Another really nice day and I spent part of it out taking care of business: banking, shopping, and other irrelevancies needed to sustain life. Throughout the day I reflected on my preceding post and wondered if I hadn't been too hard on my Toronto friends. Was this really so much worse than previous visits? Perhaps the behaviour was no worse but Julie was worse and seeing that, I reacted more intensely.

Julie's memory is going as is her connection to the reality of today. It is getting harder to have a conversation with her and she gets confused a lot. It pains me to see it. Before too long her kids will begin notice that she is no longer fully present. Then the opportunity to really communicate will be gone. It is slipping away for me too. Though we have the past to connect us, we have very little shared present time. I'm frustrated by our conversations now because Julie is faking it more and more.

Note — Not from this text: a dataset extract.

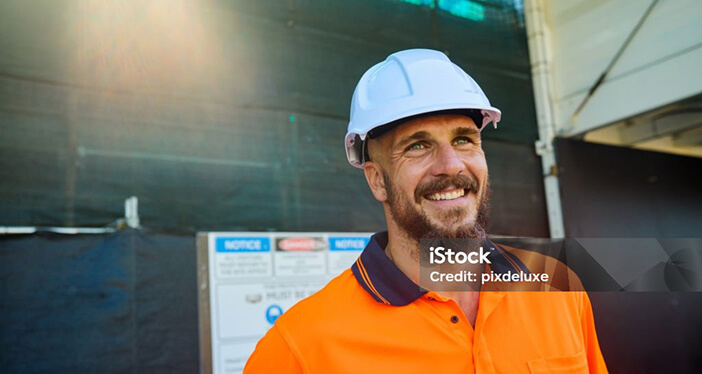 Photo of a construction worker, smiling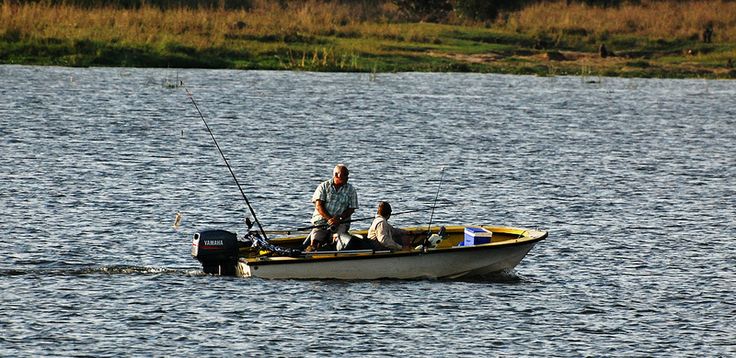 Tourists trolling for Nile Perch in a motorized fishing boat on the calm waters of Lake Victoria at sunset, an activity offered by Roadrave Tours and Travel.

I want to shout at the family and cut through their complacency, "don't waste her time with your self centered nonsense. There isn't much of it left". But I think they see it and are afraid.

I had the hope of showing her the Equinox photos, discussing the art and sharing my impressions. It became clear that she really couldn't see the photos properly and didn't recognize the "Grief" sculpture series. She talked about the earlier sculptures but couldn't see the connection to the new series. After years of bemoaning the loss of the original series, she didn't register any recognition of the new sculptures. I was so sad. We two, who had shared a studio for years, exhibited together, and exchanged our values and ideas, have lost that ability now. Julie had a gift for analysis and practical criticism like no other and I miss it. I miss Julie.

So maybe my reaction was more intense because I have reached my tipping point. I have to rethink my expectations and accept the realities of the here and now.
That doesn't mean I have to accept Jerzy's abuse. Nor do I need to be present at the family circus. In future visits I must protect myself from disappointment and avoid stress. I can't come home sick and suffering from hives again.